Che cosa è lo smart working?
Circa un anno e mezzo fa è stata approvata la legge che stabilisce i criteri per svolgere parte del lavoro, da casa o comunque non in ufficio. L’Osservatorio Smart Working della School of Management del Politecnico di Milano, ha cercato di capire che impatto ha avuto questo nuovo strumento, tracciando un bilancio per l’Italia.
Il risultato è che per le aziende c’è stato un vero e proprio boom, così come per la pubblica amministrazione.
Vediamo i numeri.
In Italia oggi gli smart workers sono 480mila.
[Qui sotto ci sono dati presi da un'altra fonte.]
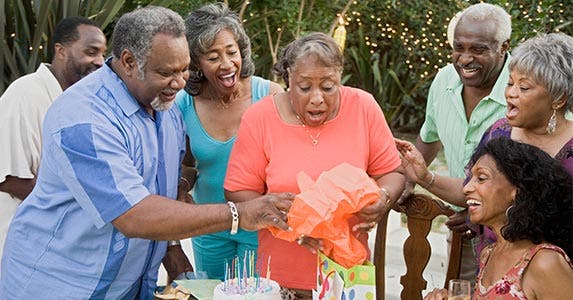 Woman opening birthday gift as family is watching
La maggior parte si ritiene più soddisfatto di quando svolgeva il lavoro in maniera tradizionale (39% contro il 18%). L’organizzazione del lavoro risulta essere migliore, così come le relazioni con i colleghi e i superiori (40% contro il 23%). Ma il fatto è che ad usufruirne sono per la gran parte le grandi aziende: il 56% delle grandi aziende ha avviato progetti di questo tipo. Le piccole e medie imprese invece sembrano ancorati a sistemi tradizionali. Con il 38% di esse che dichiara di non essere interessato a progetti di questo tipo.
Di fatto solo 8% delle PMI usano lo smart working. Per quanto riguarda la PA, ci sono solo timidi segnali, infatti solo l’8% ha avviato lo smart working (un anno fa era il 5%).
E per quanto riguarda la qualità del lavoro?
A beneficiarne è soprattutto la produttività, salita del 15%. L’assenteismo è sceso del 20%, i risparmi saliti del 30%, soprattutto per i costi degli spazi fisici.
Insomma non sembra esserci un lato negativo. Questa rivoluzione sembra poter abbracciare i pro del lavoro da freelance con i pro del lavoro dipendente. Vediamo come andrà avanti. Ma sicuramente è un tema che va incoraggiato, perchè il futuro sarà verso questa direzione.